El dibujo del carmelita descalzo se demora en los instantes últimos de la agonía, cuando el cuerpo de Jesús, con la cabeza abatida sobre el pecho y las piernas encogidas, se desploma hacia delante. Las manos, rasgadas por los clavos, ya no soportan el peso del reo. La composición emplea una perspectiva cónica oblicua, situando su mirada en el ángulo superior derecho para invocar la posición de Dios respecto a su Hijo. El violento escorzo deforma la silueta, creando una asimetría entre los brazos. Se sacrifica la proporción a la expresión, la armonía a la fuerza dramática, el equilibrio a la intensidad. ¿Se trata de una “aparición maravillosa”, de una experiencia mística? ¿Es obra de la reflexión o una iluminación? Quizás lo más apropiado sea decir que el dibujo es fruto de una visión interior y, por tanto, una vivencia mística, pues los místicos nunca alardearon de ver con los ojos del cuerpo, sino con los del alma.
La sabiduría de Dios
El sentido de la muerte de Jesús en la cruz fue “reconciliar y unir al género humano” (Subida del Monte Carmelo II, 7, 11). El pecado original introdujo la discordia y la violencia en la historia. La muerte de Abel fue la evidencia de que se había roto el equilibrio establecido por Dios. El dibujo de san Juan de la Cruz intenta expresa la tragedia de la libertad. Dios se ocultó para garantizar la autonomía del hombre y cuando este rompió el orden que había creado, entregó a su Hijo para que sanara las heridas del mundo.
El amor de Dios al ser humano excede todo conocimiento. Apenas podemos comprender su profundidad y, menos aún, que se manifestara en la impotencia de la cruz. El omnipotente aceptó un abajamiento particularmente humillante, renunciando a su libertad. El carmelita descalzo intenta mostrar esa paradoja en su dibujo, privilegiando el dramatismo sobre la perfección formal. Es una imagen muy alejada de la serenidad de otras representaciones, donde una estética preciosista aligera la crudeza de una forma de ejecución especialmente indigna y cruel. Su propósito no es tan solo mover a la devoción, sino intentar comprender la sabiduría de Dios, que se revela incluso en la muerte.
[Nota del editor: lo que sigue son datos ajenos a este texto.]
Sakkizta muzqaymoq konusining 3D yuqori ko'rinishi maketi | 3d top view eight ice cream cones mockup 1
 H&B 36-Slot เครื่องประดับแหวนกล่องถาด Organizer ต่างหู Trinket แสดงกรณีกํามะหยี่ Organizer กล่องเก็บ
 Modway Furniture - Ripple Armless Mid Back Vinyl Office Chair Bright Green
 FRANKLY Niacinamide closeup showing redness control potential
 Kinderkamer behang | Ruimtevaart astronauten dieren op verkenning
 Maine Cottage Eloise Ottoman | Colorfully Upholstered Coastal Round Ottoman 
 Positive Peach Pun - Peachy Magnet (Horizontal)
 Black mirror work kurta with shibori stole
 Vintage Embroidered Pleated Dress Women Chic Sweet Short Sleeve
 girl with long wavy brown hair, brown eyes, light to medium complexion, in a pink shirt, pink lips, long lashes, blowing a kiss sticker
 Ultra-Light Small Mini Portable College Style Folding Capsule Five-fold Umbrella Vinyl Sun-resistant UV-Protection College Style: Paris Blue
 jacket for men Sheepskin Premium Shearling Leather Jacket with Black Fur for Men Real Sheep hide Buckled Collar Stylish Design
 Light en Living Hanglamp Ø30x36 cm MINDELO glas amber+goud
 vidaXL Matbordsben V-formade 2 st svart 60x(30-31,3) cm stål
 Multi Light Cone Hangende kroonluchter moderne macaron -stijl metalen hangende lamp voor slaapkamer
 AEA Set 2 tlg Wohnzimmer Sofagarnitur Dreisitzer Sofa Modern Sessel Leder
Es imposible no amar al que lo da todo por el hombre. Su sacrificio puede despertar nuestra perplejidad, pues siempre esperamos de lo divino gestos de poder y no un aparente fracaso como puede interpretarse la cruz en un primer momento. Sin embargo, debemos reparar en que “las verdades divinas no solamente se saben, más justamente se gustan”. La sabiduría de Dios solo puede comprenderse “no entendiendo”, pues es algo secreto y escondido. El misterio de la cruz es el umbral de ese otro mundo donde prevalecen la plenitud y la perfección. Un reino sin agravios ni aflicción. Para unirse a Dios hay que aniquilar ese yo movido por la ambición de poder y la vanidad del que somos esclavos, sin advertir que es el ídolo más enemistado con nuestra dignidad. La verdadera libertad es vivir en el amor, pues “Dios es amor, y el que vive en amor permanece en Dios, y Dios en él” (1 Jn. 4, 16).
El dibujo de san Juan de Cruz es una declaración de amor, pues sabe que no hay otro camino para llegar a Dios. “El que no ama no conoce a Dios” (1 Jn. 4, 8). Dios nos amó hasta el extremo de morir en la cruz, un castigo reservado a esclavos y rebeldes. Solo podemos conocer a Dios, amando a ese Cristo que nos lo dio todo. En su “Oración del alma enamorada”, san Juan de la Cruz describe la ebriedad de la fe: “Míos son los cielos y mía es la tierra; mías son las gentes, los justos son míos y míos los pecadores; los ángeles son míos, y la Madre de Dios y todas las cosas son mías; y el mismo Dios es mío y para mí, porque Cristo es mío y todo para mí. Pues ¿qué pides y buscas, alma mía? Tuyo es todo esto, y todo es para ti. No te pongas en menos ni repares en meajas que se caen de la mesa de tu Padre. Sal fuera y gloríate en tu gloria, escóndete en ella y goza, y alcanzarás las peticiones de tu corazón”.
El dibujo de san Juan de la Cruz despertó la admiración de José María Sert y Salvador Dalí. El Cristo de Dalí no puede estar más lejos del apunte del carmelita descalzo, pues nos muestra un cuerpo joven, atlético y luminoso, sin signos de sufrimiento. No es ese el mensaje que Dios nos deja con Cristo, que eligió ser humilde y sencillo. Si queremos conocer a Dios, debemos fijar la mirada en su Hijo. En Subida al Monte Carmelo, el carmelita descalzo pone en boca de Dios las siguientes palabras: “Si te tengo ya habladas todas las cosas en mi Palabra, que es mi Hijo, y no tengo otra, ¿qué te puedo yo ahora responder o revelar que sea más que eso? Pon los ojos sólo en él, porque en él te lo tengo dicho todo y revelado, y hallarás en él aún más de lo que pides y deseas…”. (II, 22, 5-6).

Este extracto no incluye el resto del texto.